Willful withholding of food and water that can only result in death, illness, and irreparable harm definitely qualifies in this department, in my opinion—especially when the evidence shows that there is no practical or administrative reason, at this point, that the Red Cross could not have been delivering relief inside of New Orleans for some time. As I said in my post, it is a genocidal policy. That is, the policy has genocidal effects. I do not see how those crafting the policy can be unaware of those effects. Therefore, I hold them responsible.
Maybe it would be helpful if I say a little on how I think about the relationship between institutional and individual expressions of racism (and other forms of oppression). One of my analytical aphorisms is that institutionalized racism promotes individual, local acts of racism. For example, in the 2004 presidential election in Ohio, elections officials created long lines at the polls in heavily African American neighborhoods by purposefully withholding voting machines from those areas. Because there were up to 10 hour waits to vote in some of these places, there were horrendous parking problems. Many had to park illegally in order to be able to vote.

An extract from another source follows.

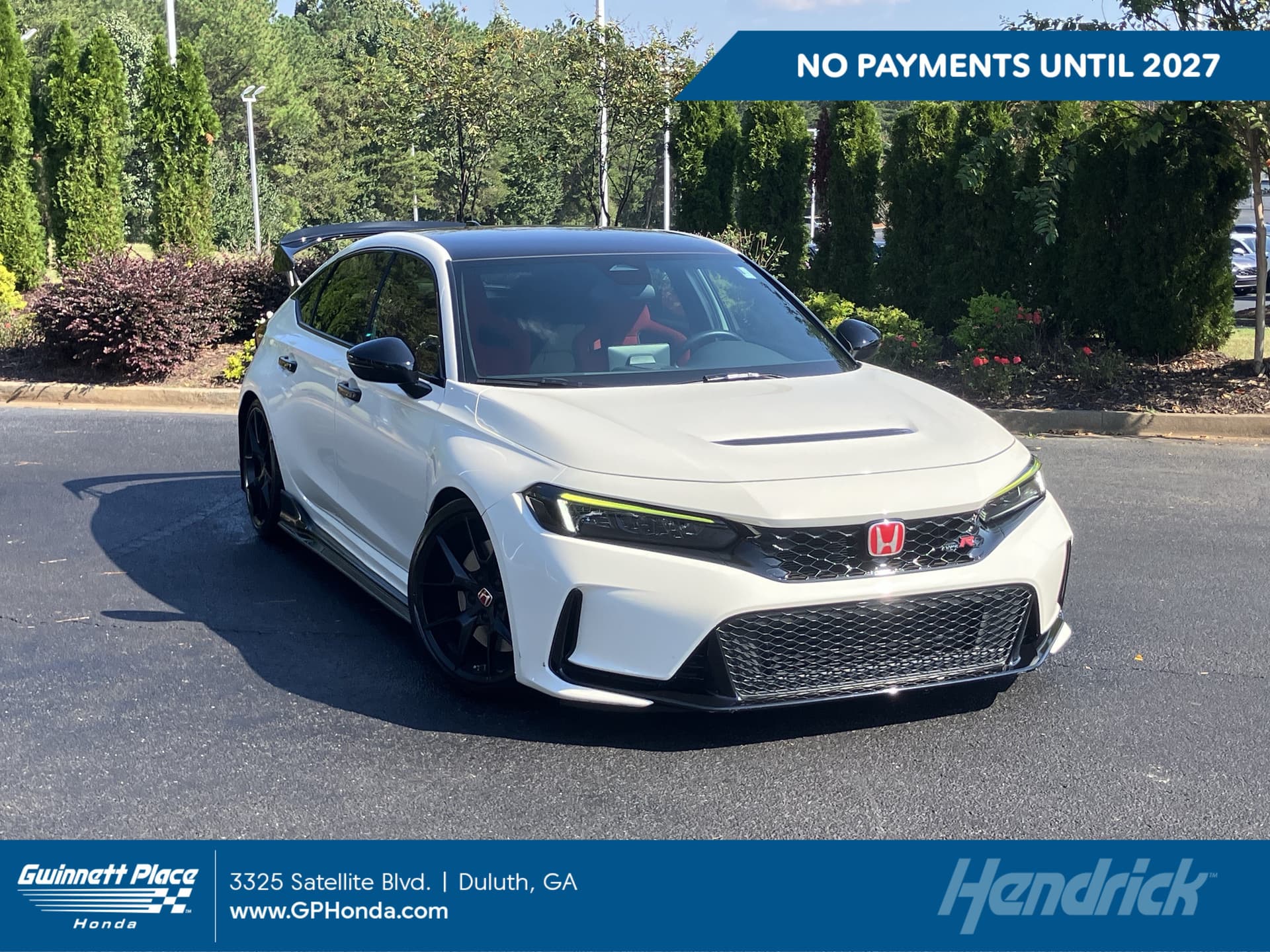 2024 Honda Civic Type R Base — photo 1 of 39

At some polling places, poll workers went around threatening to have voters' cars towed, forcing voters to choose between staying in line and paying towing fees. There were also gross acts of cruelty against disabled and elderly voters whom poll workers forced to stand in line with no option to sit or receive other appropriate accommodations.
I feel reasonably confident that those officials, who were administering racist policies at an institutional level, did not instruct poll workers to discriminate against Black voters in local situations. I do, however, hold elections officials culpable for cultivating an atmosphere in which it was okay for individual poll workers to violate the voting rights of, and demean, Black voters. Maybe not legally culpable (lawyers, please opine...)—but definitely morally culpable.

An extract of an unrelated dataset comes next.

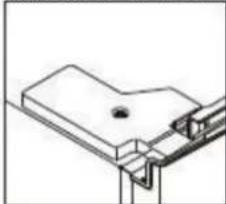 BRANDT BFU8620NW - Door Reversibility - 22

Similarly, long standing institutionalized racism in NOLA made Black people disproportionately vulnerable to profoundly neglectful government policies, individual acts of neglect, and overt, racist aggression on the ground.
I think I understand part of your criticism to be that it is not practical to argue that policies under discussion are genocidal in their effects. In fact, I think you're saying that it's not even that practical to try to convince Americans that the Red Cross is messing up. Maybe from a political strategy / policy making standpoint you are right. However, I feel a moral obligation to speak about the ramifications of behaviors as I see them.

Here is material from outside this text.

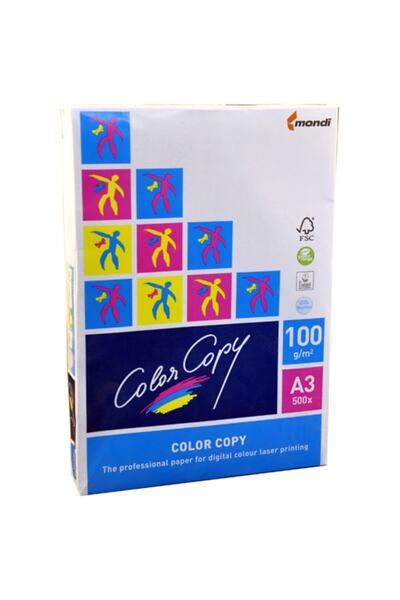 Mondi Beyaz Fotokopi Kağıdı Laser-copy-ınkjet 500'lü A3 100 gr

I do hear you when you point out that that the word "genocidal" is potentially inflammatory and that wielding it at the outset, before I've made my argument, may undermine my argument for some readers. On reflection, I think you are probably right and that if I had it to do over, I might have used the word later in my post and defined it in my post. Still, I stand by the usage and think that stating it upfront also has some value, the value of breaking a taboo on speaking directly about the nature of injustices that we have all witnessed.
I know there are fine points in your analysis that I have not addressed as of yet. As time permits, I'll try to get to them back in the comments thread.
*Links are to legal definitions in Michigan state law and are being used as reference points only. I make no legal claims about the technical application of "gross negligence" and "wanton misconduct" in Louisiana state or national contexts.